Download an object from S3 storage.

Parameters:

Name	Type	Description	Default
`bucket`	`Bucket`	Bucket to look for file	required
`folder`	`Path`	s3 prefix for object	required
`object_name`	`str`	object name, no prefix	required
`target_path`	`Path`	absolute or relative path for the file to be created	required

Source code in backend/archiver/utils/datablocks.py

@log_debug
def download_object_from_s3(
    client: S3Storage, bucket: Bucket, folder: Path, object_name: str, target_path: Path
):
    """Download an object from S3 storage.

    Args:
        bucket (Bucket): Bucket to look for file
        folder (Path): s3 prefix for object
        object_name (str): object name, no prefix
        target_path (Path): absolute or relative path for the file to be created
    """
    client.fget_object(
        bucket=bucket,
        folder=str(folder),
        object_name=object_name,
        target_path=target_path,
    )

`download_objects_from_s3(client, prefix, bucket, destination_folder, progress_callback)`

Download objects form s3 storage to folder

Parameters:

Name	Type	Description	Default
`prefix`	`Path`	S3 prefix	required
`bucket`	`Bucket`	s3 bucket	required
`destination_folder`	`Path`	Target folder.
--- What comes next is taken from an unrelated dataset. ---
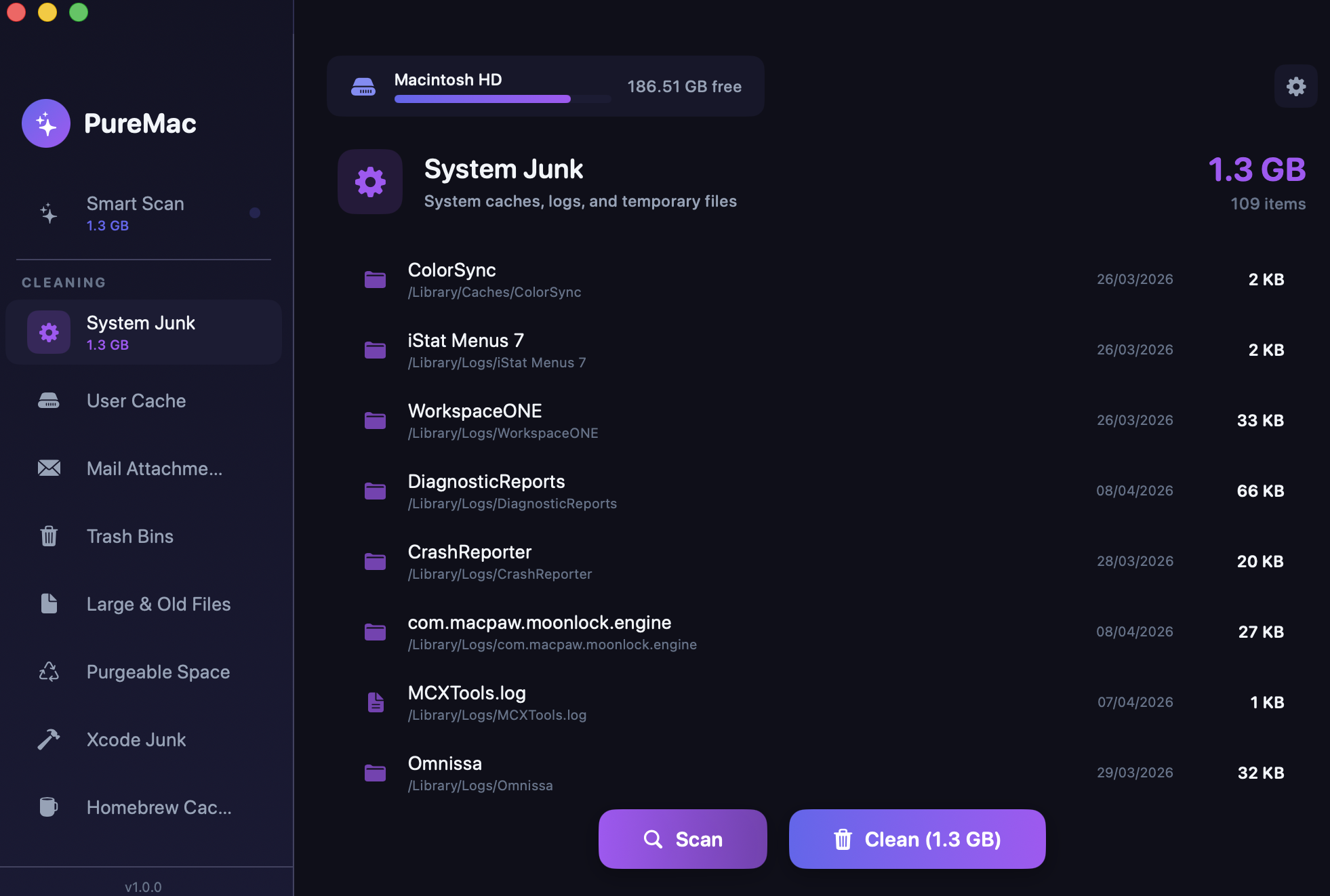 PureMac gallery image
Will be created if it does not exist.	required

Returns:

Type	Description
`List[Path]`	List[Path]: List of paths of created files

Source code in backend/archiver/utils/datablocks.py

@log
def download_objects_from_s3(
    client: S3Storage, prefix: Path, bucket: Bucket, destination_folder: Path, progress_callback
) -> List[Path]:
    """Download objects form s3 storage to folder

    Args:
        prefix (Path): S3 prefix
        bucket (Bucket): s3 bucket
        destination_folder (Path): Target folder. Will be created if it does not exist.

    Returns:
        List[Path]: List of paths of created files
    """
    destination_folder.mkdir(parents=True, exist_ok=True)

    files = client.download_objects(minio_prefix=prefix, bucket=bucket,
                                    destination_folder=destination_folder, progress_callback=progress_callback)

    if len(files) == 0:
        raise SystemError(f"No files found in bucket {bucket.name} at {prefix}")

    return files

`list_datablocks(client, prefix, bucket)`

List all objects in s3 bucket and path

Parameters:

Name	Type	Description	Default
`minio_prefix`	`Path`	prefix for files to be listed	required
`bucket`	`Bucket`	s3 bucket	required

Returns:

Name	Type	Description
`_type_`	`List[ListedObject]`	Iterator to objects

Source code in backend/archiver/utils/datablocks.py

@log
def list_datablocks(client: S3Storage, prefix: Path, bucket: Bucket) -> List[S3Storage.ListedObject]:
    """List all objects in s3 bucket and path

    Args:
        minio_prefix (Path): prefix for files to be listed
        bucket (Bucket): s3 bucket

    Returns:
        _type_: Iterator to objects
    """
    return client.list_objects(bucket, str(prefix))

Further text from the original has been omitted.